However, in 1996, the Office of Legal Counsel (OLC) at the Department of Justice issued an opinion concluding that section 208 generally prohibits an employee from serving, in an official capacity, as an officer, director or trustee of a private nonprofit organization. Memorandum of Deputy Assistant Attorney General, OLC, for General Counsel, Federal Bureau of Investigation, November 19, 1996, http://www.justice.gov/olc/fbimem.2.htm. This conclusion was premised in large part on the fact that officers, directors and trustees of an outside organization owe certain fiduciary duties to the organization under state law, which may conflict with the primary duty of loyalty that all Federal employees owe to the United States. As a consequence of this interpretation, employees were no longer permitted to serve in their official capacity as officer, director or trustee of an outside nonprofit organization, absent an individual waiver under 18 U.S.C. 208(b) or specific statutory authority permitting such service.
Following the 1996 OLC opinion, agencies have continued to assign employees to serve on such outside boards by granting the employees individual waivers under 18 U.S.C. 208(b)(1).
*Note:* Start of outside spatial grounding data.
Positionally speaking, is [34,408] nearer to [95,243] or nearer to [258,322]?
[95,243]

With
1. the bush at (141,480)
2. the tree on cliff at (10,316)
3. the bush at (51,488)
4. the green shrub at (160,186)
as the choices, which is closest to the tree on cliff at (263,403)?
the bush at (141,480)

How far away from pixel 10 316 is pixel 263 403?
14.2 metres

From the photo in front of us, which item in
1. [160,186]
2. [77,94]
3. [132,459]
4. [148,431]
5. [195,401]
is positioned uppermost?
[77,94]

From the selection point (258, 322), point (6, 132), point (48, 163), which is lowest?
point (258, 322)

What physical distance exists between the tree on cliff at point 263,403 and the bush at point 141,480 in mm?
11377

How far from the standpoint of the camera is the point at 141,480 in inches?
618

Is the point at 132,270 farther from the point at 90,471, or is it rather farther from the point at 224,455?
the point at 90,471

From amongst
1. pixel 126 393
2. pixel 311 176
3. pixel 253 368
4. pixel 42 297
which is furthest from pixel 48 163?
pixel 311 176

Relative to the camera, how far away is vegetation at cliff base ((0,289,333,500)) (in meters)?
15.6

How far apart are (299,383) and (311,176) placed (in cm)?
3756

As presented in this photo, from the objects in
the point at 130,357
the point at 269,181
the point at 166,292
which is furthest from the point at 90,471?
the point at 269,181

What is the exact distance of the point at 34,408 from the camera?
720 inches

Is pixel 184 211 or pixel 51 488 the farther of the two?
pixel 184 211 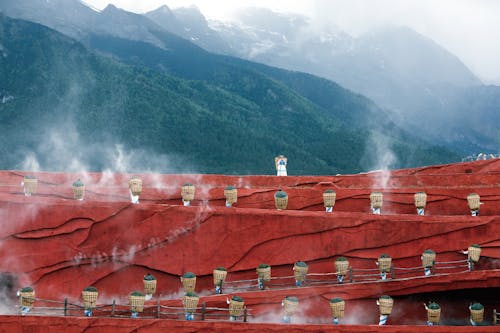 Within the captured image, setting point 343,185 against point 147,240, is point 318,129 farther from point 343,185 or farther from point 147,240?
point 147,240

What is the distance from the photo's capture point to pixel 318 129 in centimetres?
5562

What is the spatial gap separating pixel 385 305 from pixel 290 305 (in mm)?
1945

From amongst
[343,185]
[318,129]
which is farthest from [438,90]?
[343,185]

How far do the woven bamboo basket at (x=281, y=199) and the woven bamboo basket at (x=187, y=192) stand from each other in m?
1.95

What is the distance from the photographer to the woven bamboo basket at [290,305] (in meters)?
13.6

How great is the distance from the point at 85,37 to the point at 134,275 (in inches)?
2396

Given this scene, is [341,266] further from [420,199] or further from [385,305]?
[420,199]

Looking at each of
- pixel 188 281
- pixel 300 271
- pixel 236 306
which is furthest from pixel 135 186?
pixel 300 271

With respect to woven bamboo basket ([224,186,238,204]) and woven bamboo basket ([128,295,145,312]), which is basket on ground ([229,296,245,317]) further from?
woven bamboo basket ([224,186,238,204])

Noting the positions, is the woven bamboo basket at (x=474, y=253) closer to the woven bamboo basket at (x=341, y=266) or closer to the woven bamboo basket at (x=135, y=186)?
the woven bamboo basket at (x=341, y=266)

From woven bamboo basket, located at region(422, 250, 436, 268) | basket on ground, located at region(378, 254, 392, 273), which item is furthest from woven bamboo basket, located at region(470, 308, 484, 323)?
basket on ground, located at region(378, 254, 392, 273)

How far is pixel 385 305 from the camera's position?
13906 millimetres

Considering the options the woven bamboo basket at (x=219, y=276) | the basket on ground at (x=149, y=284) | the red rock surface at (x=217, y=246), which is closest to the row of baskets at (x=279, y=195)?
the red rock surface at (x=217, y=246)

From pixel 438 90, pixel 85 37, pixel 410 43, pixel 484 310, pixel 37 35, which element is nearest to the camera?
pixel 484 310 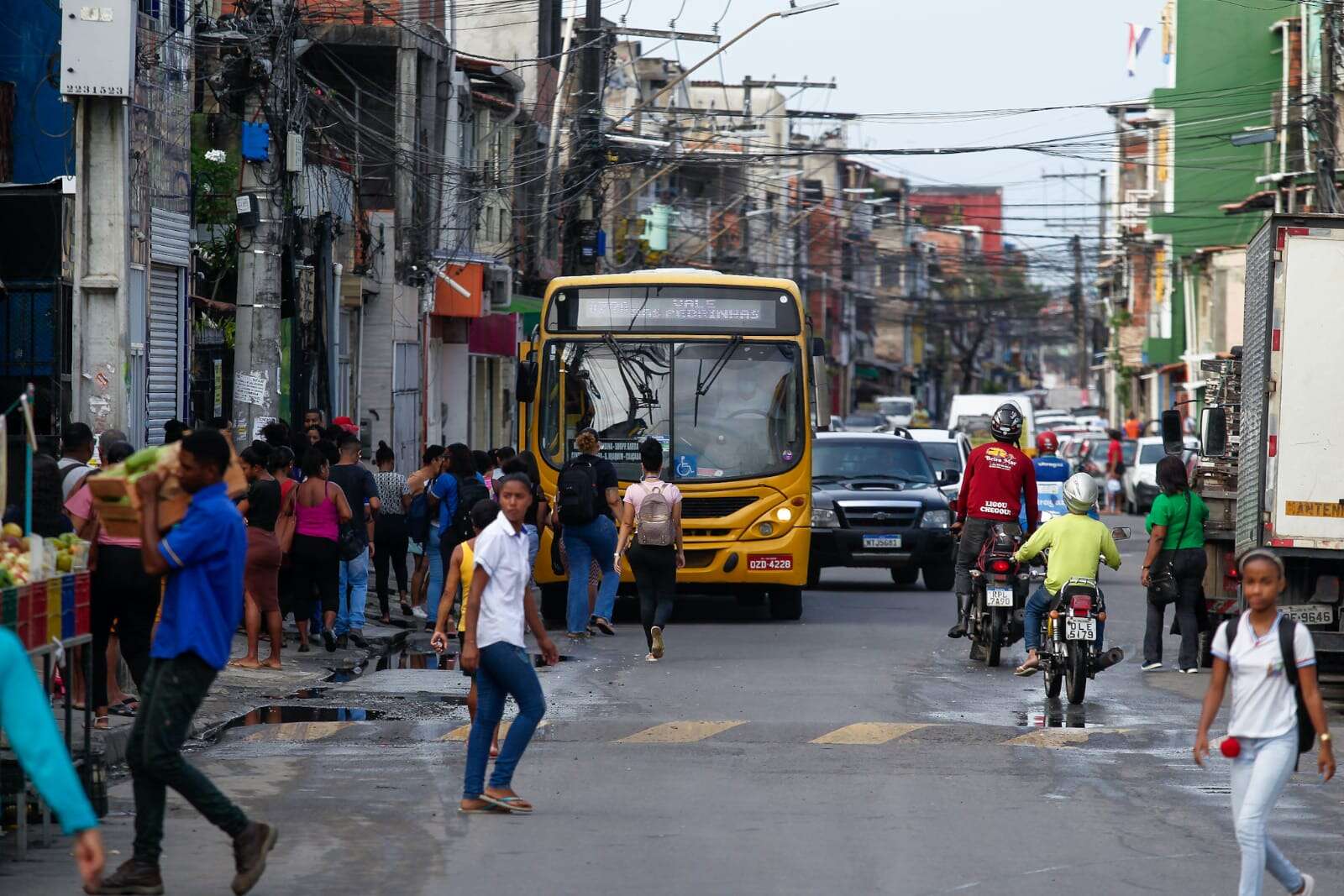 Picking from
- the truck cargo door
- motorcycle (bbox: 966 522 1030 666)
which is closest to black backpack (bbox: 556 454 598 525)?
motorcycle (bbox: 966 522 1030 666)

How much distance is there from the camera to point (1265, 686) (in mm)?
7336

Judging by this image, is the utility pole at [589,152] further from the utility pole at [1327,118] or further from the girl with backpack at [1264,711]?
the girl with backpack at [1264,711]

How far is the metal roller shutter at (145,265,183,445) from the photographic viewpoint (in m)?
20.6

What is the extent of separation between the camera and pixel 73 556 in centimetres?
902

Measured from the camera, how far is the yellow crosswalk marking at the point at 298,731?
12078 mm

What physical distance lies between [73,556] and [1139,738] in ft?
21.5

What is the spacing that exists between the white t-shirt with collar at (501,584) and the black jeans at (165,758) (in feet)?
6.20

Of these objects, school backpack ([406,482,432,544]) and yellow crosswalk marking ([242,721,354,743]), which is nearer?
yellow crosswalk marking ([242,721,354,743])

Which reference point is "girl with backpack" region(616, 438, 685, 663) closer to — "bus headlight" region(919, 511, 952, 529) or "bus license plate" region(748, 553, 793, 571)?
"bus license plate" region(748, 553, 793, 571)

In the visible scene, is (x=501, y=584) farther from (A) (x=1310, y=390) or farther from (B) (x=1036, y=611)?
(A) (x=1310, y=390)

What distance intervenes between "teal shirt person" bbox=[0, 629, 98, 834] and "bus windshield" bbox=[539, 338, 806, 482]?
1464cm

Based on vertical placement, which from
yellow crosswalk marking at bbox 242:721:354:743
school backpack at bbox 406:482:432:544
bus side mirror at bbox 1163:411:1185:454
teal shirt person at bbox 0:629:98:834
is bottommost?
yellow crosswalk marking at bbox 242:721:354:743

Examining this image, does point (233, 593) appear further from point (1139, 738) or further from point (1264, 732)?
point (1139, 738)

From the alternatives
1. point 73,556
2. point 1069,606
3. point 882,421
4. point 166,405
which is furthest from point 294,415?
point 882,421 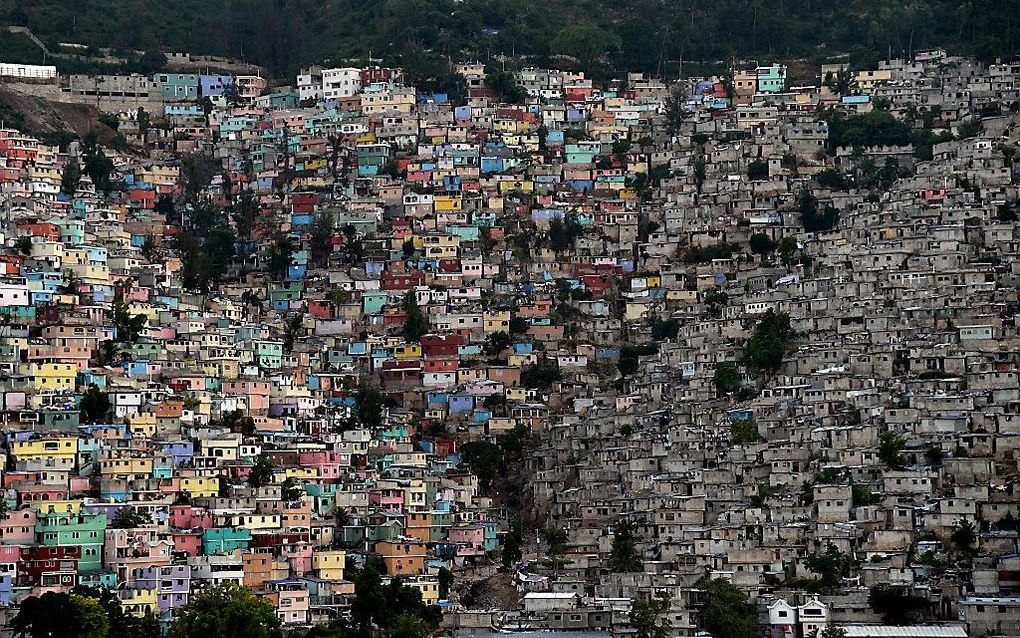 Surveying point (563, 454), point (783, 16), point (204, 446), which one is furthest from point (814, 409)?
point (783, 16)

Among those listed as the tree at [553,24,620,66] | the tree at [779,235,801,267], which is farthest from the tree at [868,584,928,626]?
the tree at [553,24,620,66]

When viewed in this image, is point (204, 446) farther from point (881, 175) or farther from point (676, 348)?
point (881, 175)

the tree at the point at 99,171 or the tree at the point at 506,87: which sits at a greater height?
the tree at the point at 506,87

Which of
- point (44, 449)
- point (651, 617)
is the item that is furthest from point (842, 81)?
point (44, 449)

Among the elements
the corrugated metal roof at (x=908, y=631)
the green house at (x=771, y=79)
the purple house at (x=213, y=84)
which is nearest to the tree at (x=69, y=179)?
the purple house at (x=213, y=84)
Other agencies declined to issue individual waivers (or did so rarely), often because of discomfort about waiving the application of a criminal statute. OGE fielded numerous inquiries and held many meetings with agencies and nonprofit organizations, mostly professional and scientific societies, concerning the application of section 208 to prevent official participation on outside boards. Many of the agencies and nonprofit organizations have argued that the application of section 208 created unfortunate barriers to professional development and meaningful exchange between Federal and non-Federal experts in certain professions and areas of expertise. Moreover, some of the organizations pointed out that there was a lack of uniformity within the executive branch, owing to the willingness of some agencies to grant waivers and the unwillingness of other agencies to do so, often with respect to participation in the same organization.
Additionally, the Office of Government Ethics recognized the potential for confusion in some instances when employees were permitted to serve only in a private, rather than official, capacity. For example, when an agency has policy interests that overlap with those of the nonprofit organization, it can be very difficult for the employee to avoid the mistaken impression that he or she is acting in an official capacity when participating in the organization. Further, OGE was concerned that employees in some cases were uncertain about the extent to which they were permitted to make reference to their official position or to use official time or agency resources. See 5 CFR 2635.702(b); 2635.704; 2635.705. While OGE recognized that such confusion no doubt could be reduced by clearer agency instructions concerning such matters as excused absence and limited use of agency resources in support of outside professional and other organizations, the fact remained that sometimes considerable continuity in subject matter between an employee's official duties and the employee's activities in an outside nonprofit organization remained, and some agencies believed it would be clearer to permit the latter to occur while the employee was on official duty, without the impediment of section 208.
For all of the above reasons, the Office of Government Ethics in 2006 recommended to the President and Congress that section 208 be amended “to specify that the financial interests of an organization are not imputed to an employee who serves as an officer or director of such organization in his or her official capacity.” OGE, Report to the President and to Congressional Committees on the Conflict of Interest Laws Relating to Executive Branch Employment 33 (2006) (2006 Report), http://www.usoge.gov/ethics_docs/publications/reports_plans.aspx. In the 2006 Report, OGE recognized that it had “regulatory authority to exempt financial interests arising from official service on boards of directors,” but OGE opted at that time to place the issue before Congress first. No legislative changes to section 208 were enacted in response to the report, however, and OGE continued to receive expressions of concern about this matter, both from agencies and from nonprofit organizations.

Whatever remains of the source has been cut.